Our skiff, "Summer School" received a tune up for Father's Day. This was long overdue, but there were college educations to pay for and, well, ...you parents know how money priorities can shift like a spring tide.
She just returned home from the boat shop last week. When I walked in the shop to pick her up, the mechanic on site said, "Mr. FC, ... you don't remember me do you?"
(He didn't look like anyone I remember arresting, so I figured he was an exstudent of mine)
"Uh, give me a hint."
He said his name ... "Class of '92"
Well, okay then ... he was at least 34 years old now, balding, and needed a shave. They do change you know ... and there have been SO many of them.
Funny, though, after he said his name I could see him the way he was back then.
"Your boat's running great" he said as he wiped the grease from his hands.

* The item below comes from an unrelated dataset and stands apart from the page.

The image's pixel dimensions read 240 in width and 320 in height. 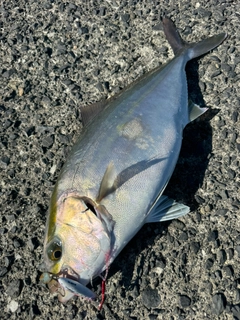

I shook his greasy hands and thanked him for fixing the boat and for letting me know he was one of my exstudents.
Summer School had to sit all last week with stormy weather each day and she needed a good ship shaping anyway, but Thursday the weather was promising.
She really needed a shakedown cruise after fresh repairs.
It was the only prudent thing to do.
I hooked her up to the JEEP and headed for the Gulf Hammock boat ramp on the Waccasassa River.
In a few minutes I was slipping out towards the Gulf of Florida.
If you look in my sunglasses, you can see how I took this photo on a solo boat ride.
The forest that the Waccasassa flows through is a wild mix of cedars,cypress, pines, and palms. Trees grow tenuously on thin soil over barely buried limerock.
This is land that only plays at being "land".
The elevation can be measured in inches and large dieing pines and cypress may be signaling a seachange.
This is a man lunch ... not a girl lunch, and definitely not a teenager lunch.
The bubba keg full of ice water and a good banana ... just perfect.
If my usual crew had been along, there would be a huge ice chest full of fried chicken, drinks, pickles, and a water melon ... plus a boat bag full of towels, books, etc.
Nothing wrong with all of that, but it was nice to travel light for a change.
The dead palm trunks last a long time after the palm has died and many were loaded with woodpecker cavities. The swallowtailed kite hovered over me a few times, but each time I was busy driving instead of being camera ready.
As the river approaches the Gulf, the forest thins out and saltmarsh grasses like spartina and juncus dominate. They stretch on and on, and the word, "vast" seems appropriate. This is all part of the Waccasassa Bay State Preserve ... about 30,000 acres you and I own together.
Well, here's the Gulf. This portion of the Gulf is called Waccasassa Bay. Waccasassa is a native American word that means, " Bay of propeller destroying rocks, serves you right white devils".
Pretty accurate name by the way. It may look broad and inviting, but stray out of the channel on the wrong tide and you may be wishing you had brought that extra prop along or better yet, an airboat.
The Gulf is not on the float plan for this voyage.
With any luck, it will be on Friday ... when YOU are reading this.
My plan is to be somewhere under this osprey between Cedar Key and Texas shortly after this posts Friday morning.
If you see him, ... look down to find me.